Of course you always need to combine metrics while selling the dream: what’s going on in the world, what pain are people running into, what’s the major problem your startup is uniquely positioned to take advantage of and solve. Maybe your go-to-market evolves from X to Y and your metrics help explain why. Or maybe you have a good wedge story.
The more audacious what you are saying is, the better the frame needs to be around what you’re doing today vs where you will get to with capital and what milestones exist in the future. Often startups are counterintuitive. You need to be able to describe how your company is uniquely positioned to get to that place. It’s rarely a one-step moonshot, it’s a process. How do you transition from the hop to the skip?
The reality is startups are so delicate – nearly every company has traversed near-death experiences and any company can go up or fall flat. The smartest investments were often contrarian. So you need to be able to tell people ‘you can’t see it yet but this is what’s over the iceberg’. Here is what any one individual data point shows, but when you look above the iceberg here is the tidal wave that is coming…
For example, at Estimote we focus a lot on our distribution of customers. We know to a good degree what the long tail is doing and we know what the middle and head are doing. Today we stand on two legs of the stool so to speak – we have a thriving developer community that exercises our stack and serves as a sort of a 50,000 person distributed engineering and QA team that even pays us. But more important than the revenue is they break our product and tell us what to build next.
This has allowed is us to go up-channel from the developer market to enterprise. How so? The same way a company like Slack does. Usually, by the time a CIO or marketer has a fundable project for us, we already have engineers within the company familiar with our stack. This is classic bottoms up sales, where we develop advocates within the company. And once we’re selling, there are already engineers within the company that trust us and know how our products work.
The more of this pattern we see, the more we expect X percent of our long tail customers to go up to the head because of our bottoms up approach. Do we think every sandbox developer will turn into a massive paying customer? No. But we know that some percentage of these will grow and will become more than just distributed labor / QA and we will make money off them.
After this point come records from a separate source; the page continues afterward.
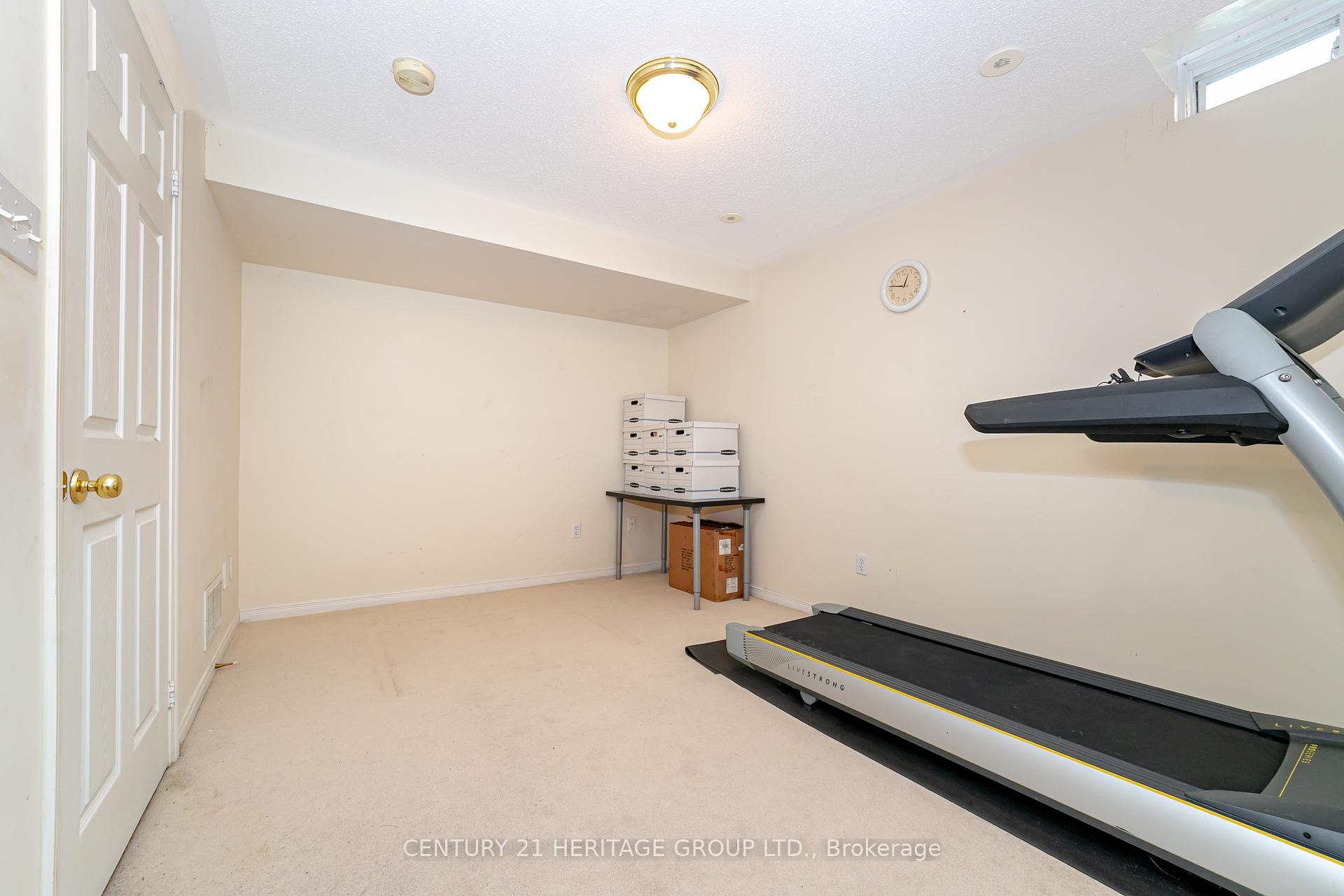 4 Bedrooms Condo at 2780 Eglinton, Toronto For sale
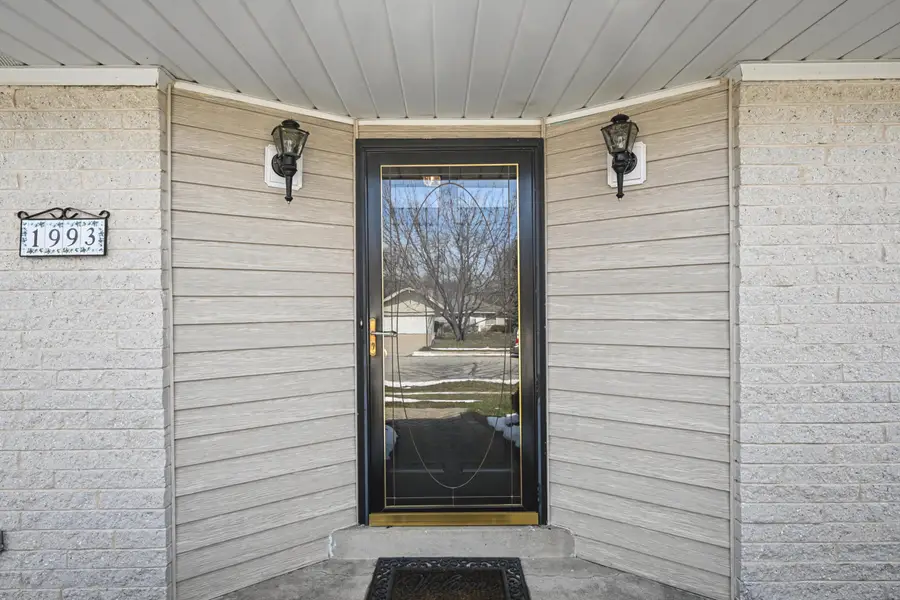 1993 Rambling Rose Rd, Waukesha, WI 53186 - #2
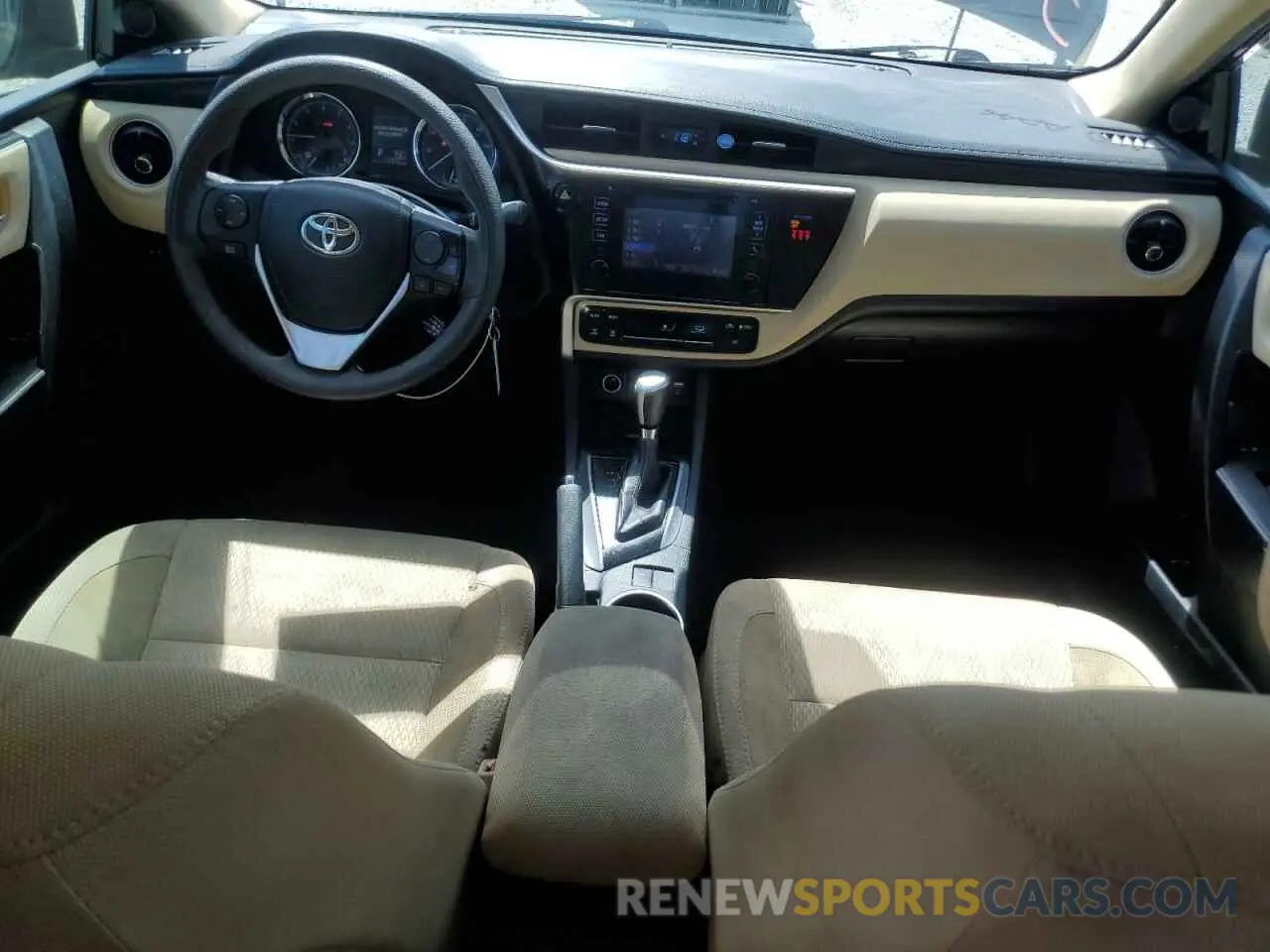 8 fotografías del automóvil dañado 2T1BURHE3KC225605 TOYOTA COROLLA 2019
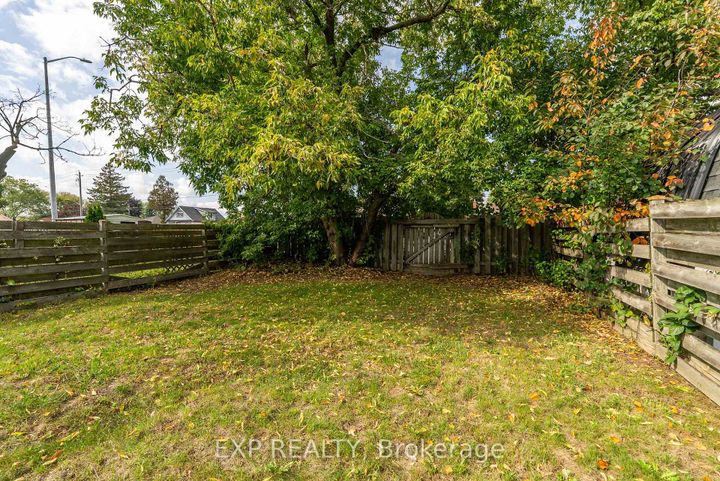 Photo 35 at 236 Northminster Court, Centennial, Oshawa
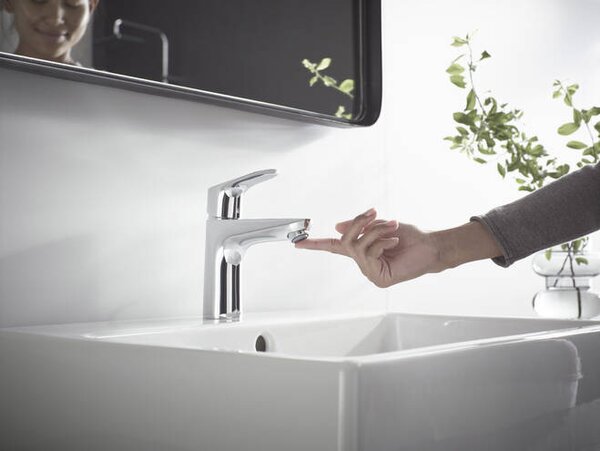 Hansgrohe Focus Páková umyvadlová baterie 100 CoolStart s odtokovou soupravou s táhlem, chrom 31621000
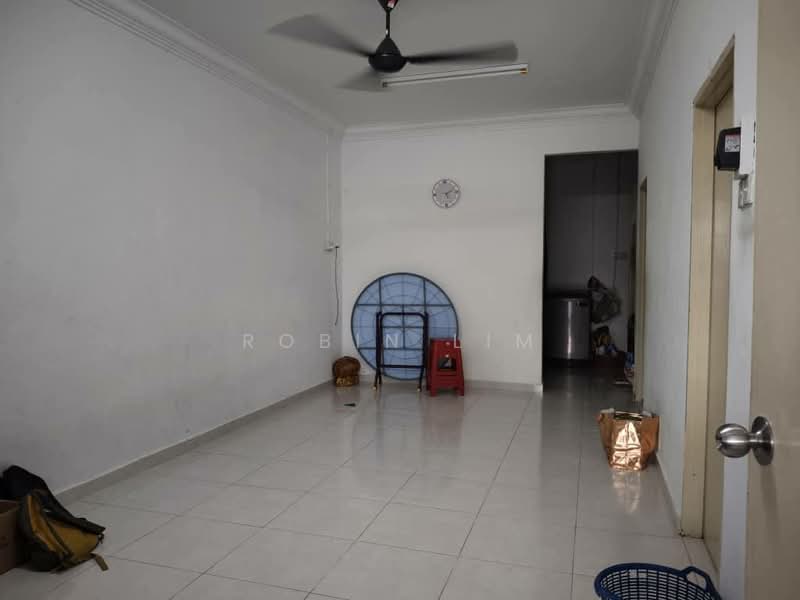 Rumah Teres 1 Tingkat untuk Dijual di Taman Bahagia (Senai) - Robin Lim - Living Room - PropertyGuru.com.my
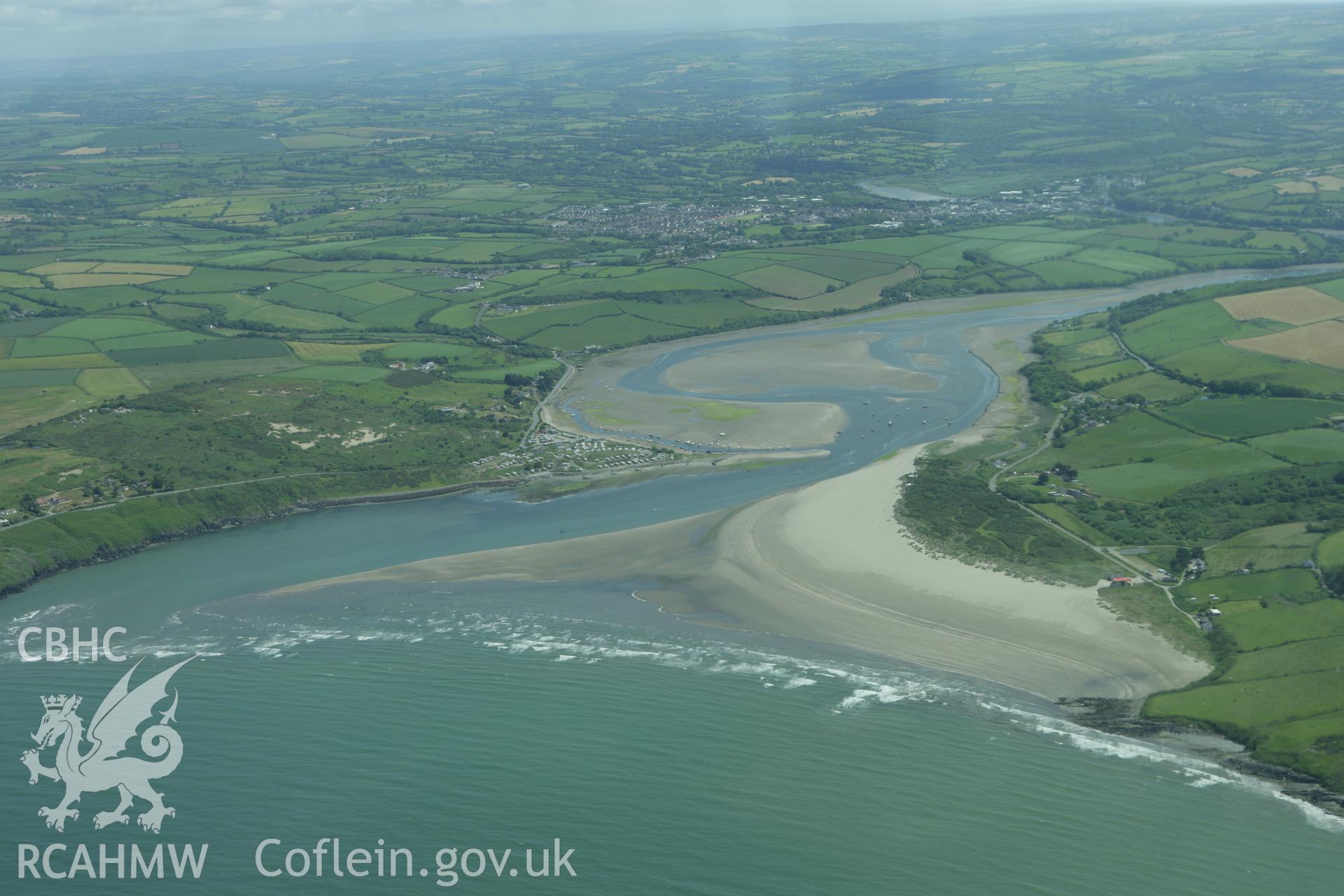 RCAHMW colour oblique photograph of Poppit Sands, with Patch Caravan Park. Taken by Toby Driver on 13/06/2008.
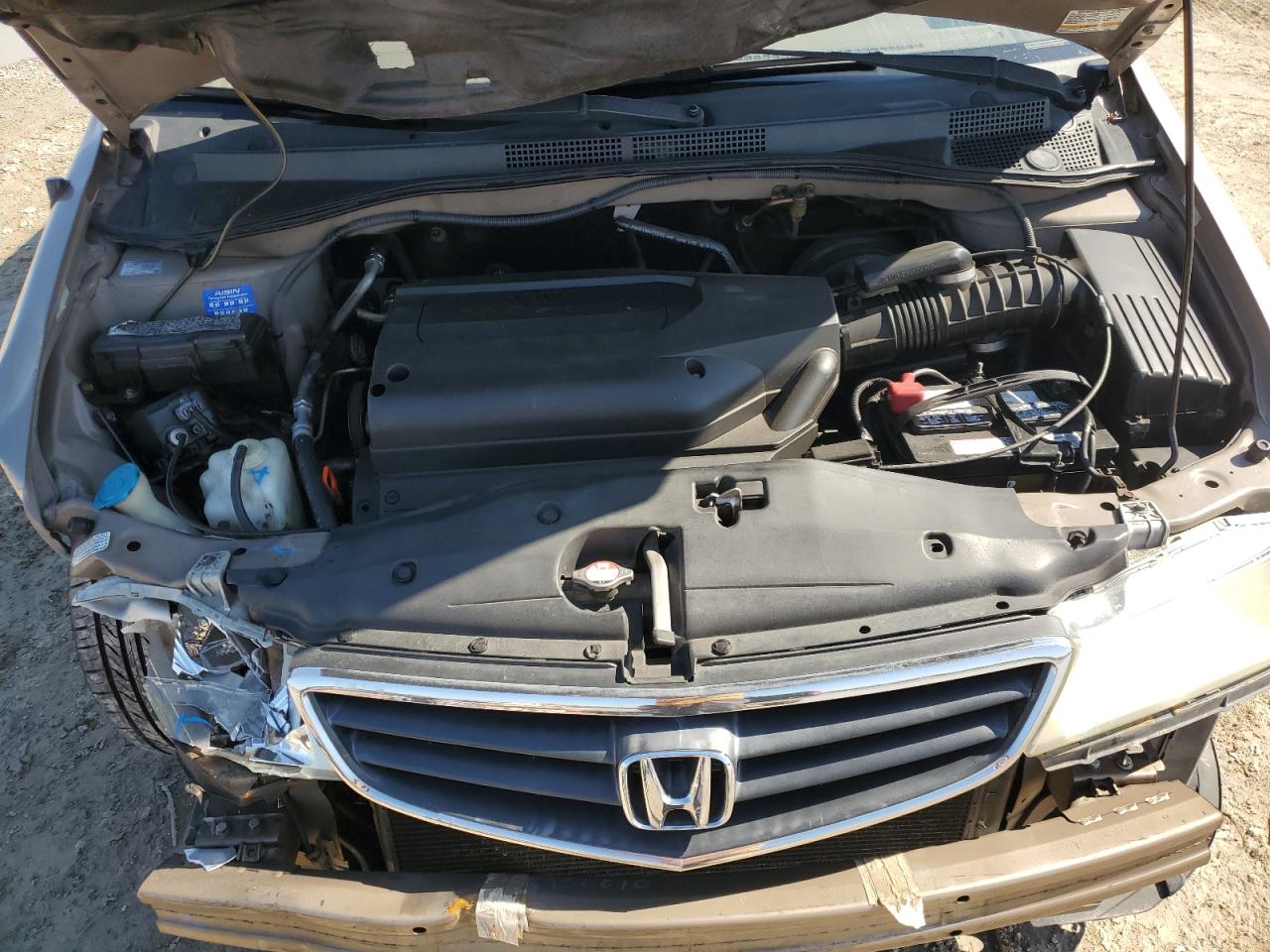 2004 Honda Odyssey - Image 12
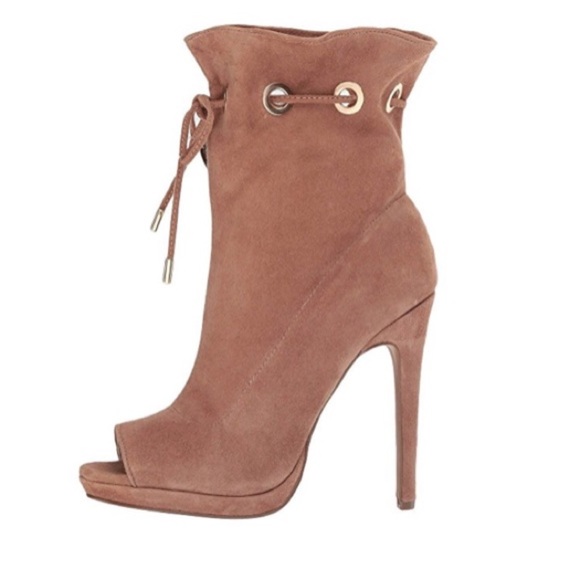 New Steve Madden Cavalier Camel Suede Bootie - Picture 8 of 8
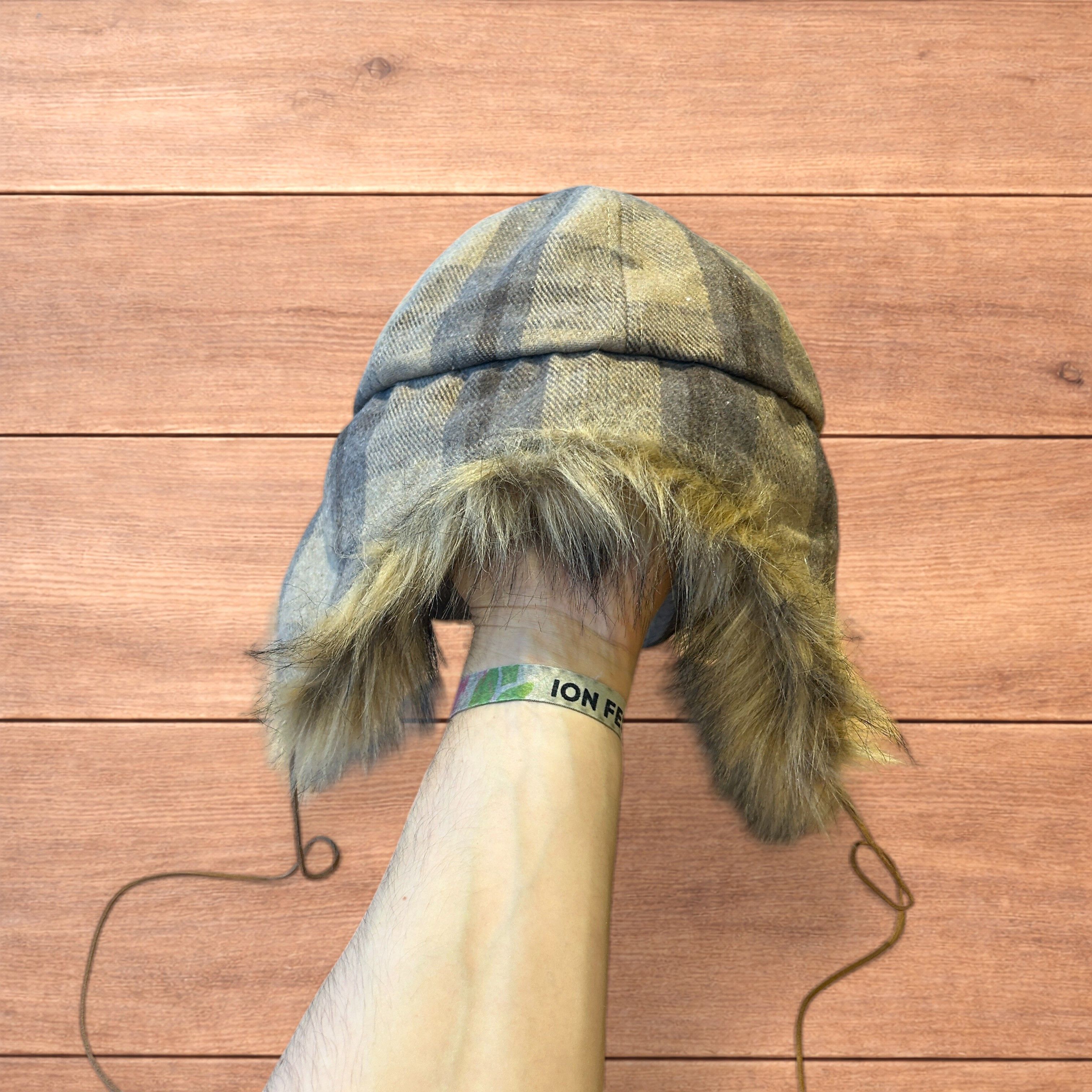 Japanese Brand Trapper Russian ear flap hat in checkered beige colour way. Size ONE SIZE - 7 Thumbnail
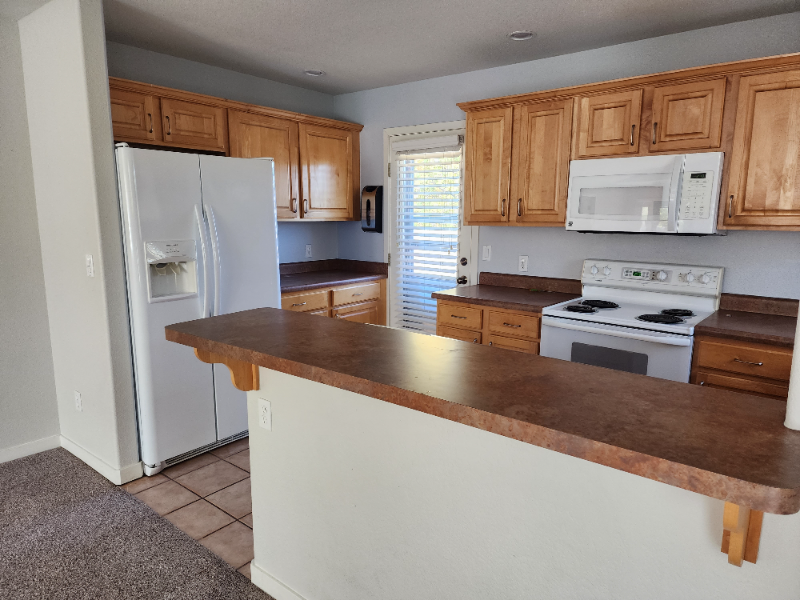 2384 Ridge Circle Dr #20 - Photo 7 of 31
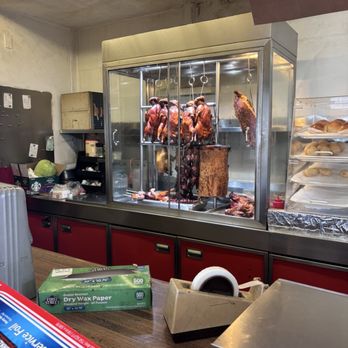 Wing's Deli and BBQ - Assorted Roasted meats - Chinese Near Me - Stockton, California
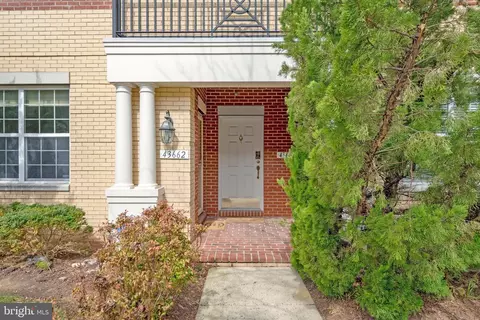 43662 Mcdowell Sq, Leesburg, VA 20176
Back to the reach vs revenue question. Any growth story should always be clear as to how outside capital will help you grow, scale and develop in a way so that you can change the plan again… and then raise more and ratchet up growth sooner. That’s the best way to control your own destiny while staying agile.
But there isn’t always a perfect equation to follow around producing future cash flows. Deciding how to optimize for reach and revenue deeply impacts product and growth decisions, which is why startups by their nature can rocket into billion dollar companies or go under seemingly overnight. But rest assured many of today’s unicorns will eventually figure it out and become thriving, cash-flow positive public companies.